O Peixe ou a Cana de Pescar
O debate sobre ensinar conteúdos ou desenvolver competências na educação é antigo e recorrente. Historicamente, o ensino focava-se na memorização, como ilustrado no filme Pelle, o Conquistador, onde crianças repetiam mecanicamente o alfabeto. Esse modelo reflete uma época em que a psicologia e as neurociências ainda não haviam avançado para compreender as capacidades cognitivas humanas.
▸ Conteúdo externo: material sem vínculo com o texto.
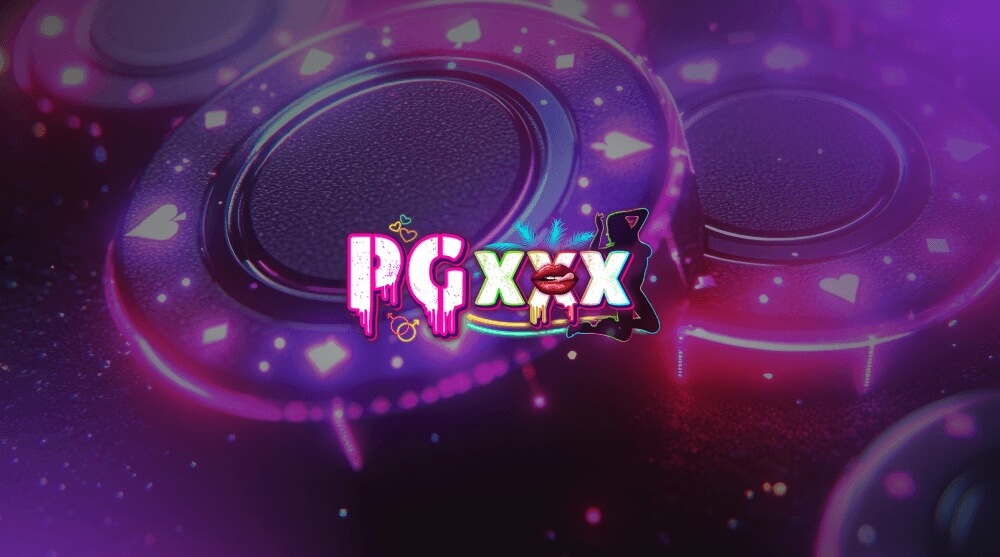 SUPERSLOTเกมสล็อตมากกว่า 1,000 เกม เล่นได้ไม่มีเบื่อ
O século XX trouxe mudanças com figuras como Freud, Dewey, Montessori e Freinet, que enfatizaram a importância do raciocínio, da dedução e da aprendizagem ativa. Contudo, em Portugal, o regime do Estado Novo retardou essas inovações, e só nos anos 80 novas perspetivas educacionais ganharam força. Na década de 90, Roberto Carneiro liderou uma reforma que passou a valorizar não apenas conteúdos, mas também comportamentos e atitudes. Em 2008, surgiram áreas curriculares "não disciplinares" e, em 2017, foi implementado o Perfil do Aluno à Saída da Escolaridade Obrigatória, priorizando competências em detrimento da simples transmissão de conhecimentos.
Essa transição gerou resistências, especialmente de setores conservadores da educação. A alternância entre a ênfase em conteúdos e competências parece seguir um ciclo, como ocorre com a História, onde tendências vão e voltam. A China, por exemplo, observa essas mudanças com mais serenidade, sem polarizações radicais.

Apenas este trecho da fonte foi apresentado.